India accused ofillegal deportations targeting Muslims
India ramped up operations against migrants after a wider security crackdown in the wake of an attack in the west in April. Photo AFP
India has deported without trial to Bangladesh hundreds of people, officials from both sides said, drawing condemnation from activists and lawyers who call the recent expulsions illegal and based on ethnic profiling.
New Delhi says the people deported are undocumented migrants.
The Hindu nationalist government of Prime Minister Narendra Modi has long taken a hardline stance on immigration -- particularly those from Bangladesh -- with top officials referring to them as "termites" and "infiltrators".
It has also sparked fear among India's estimated 200 million Muslims, especially among speakers of Bengali, a widely spoken language in both eastern India and Bangladesh.

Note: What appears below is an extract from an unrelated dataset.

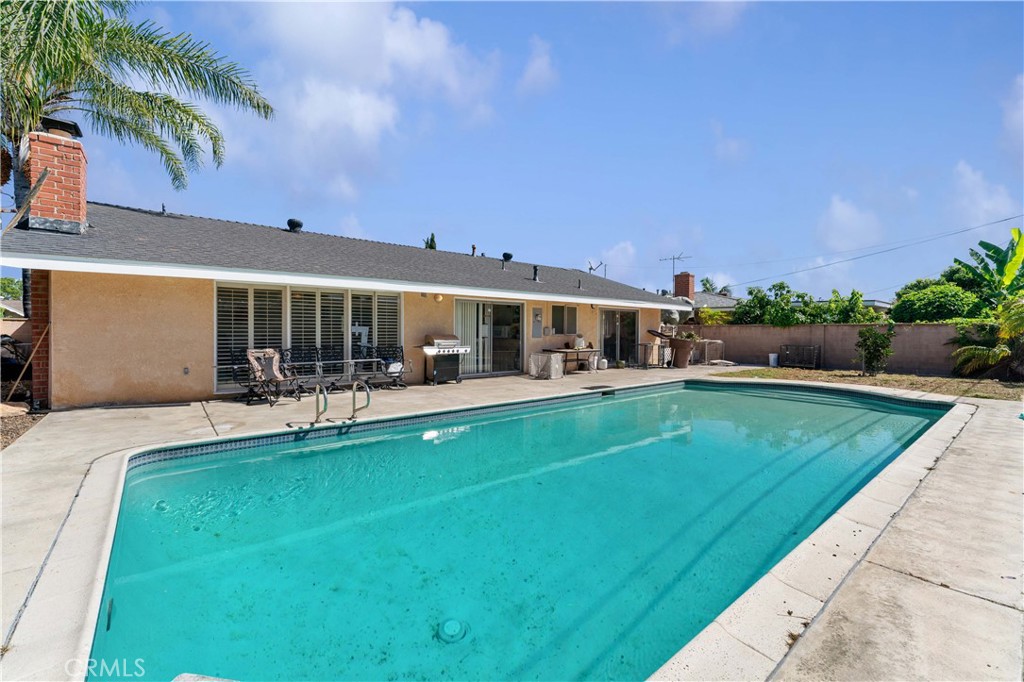 a view of a patio with swimming pool table and chairs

"Muslims, particularly from the eastern part of the country, are terrified," said veteran Indian rights activist Harsh Mander.
"You have thrown millions into this existential fear."
Bangladesh has seen relations with New Delhi turn icy since a mass uprising in 2024 toppled Dhaka's government, a former friend of India.
But India also ramped up operations against migrants after a wider security crackdown in the wake of an attack in the west -- the April 22 killing of 26 people, mainly Hindu tourists, in IIOJK.
Indian authorities launched an unprecedented countrywide security drive that has seen many thousands detained — and many of them eventually pushed across the border to Bangladesh at gunpoint.
Rahima Begum, from India's eastern Assam state, said police detained her for several days in late May before taking her to the Bangladesh frontier.
She said she and her family had spent their life in India.
"I have lived all my life here — my parents, my grandparents, they are all from here," she said. "I don't know why they would do this to me."
Indian police took Begum, along with five other people, all Muslims, and forced them into swampland in the dark.
"They showed us a village in the distance and told us to crawl there," she told AFP.
"They said: 'Do not dare to stand and walk, or we will shoot you.'"
Bangladeshi locals who found the group then handed them to border police who "thrashed" them and ordered they return to India, Begum said.
"As we approached the border, there was firing from the other side," said the 50-year-old.
"We thought: 'This is the end. We are all going to die.'"
She survived, and, a week after she was first picked up, she was dropped back home in Assam with a warning to keep quiet.
Rights activists and lawyers criticised India's drive as "lawless".
"You cannot deport people unless there is a country to accept them," said New Delhi-based civil rights lawyer Sanjay Hegde.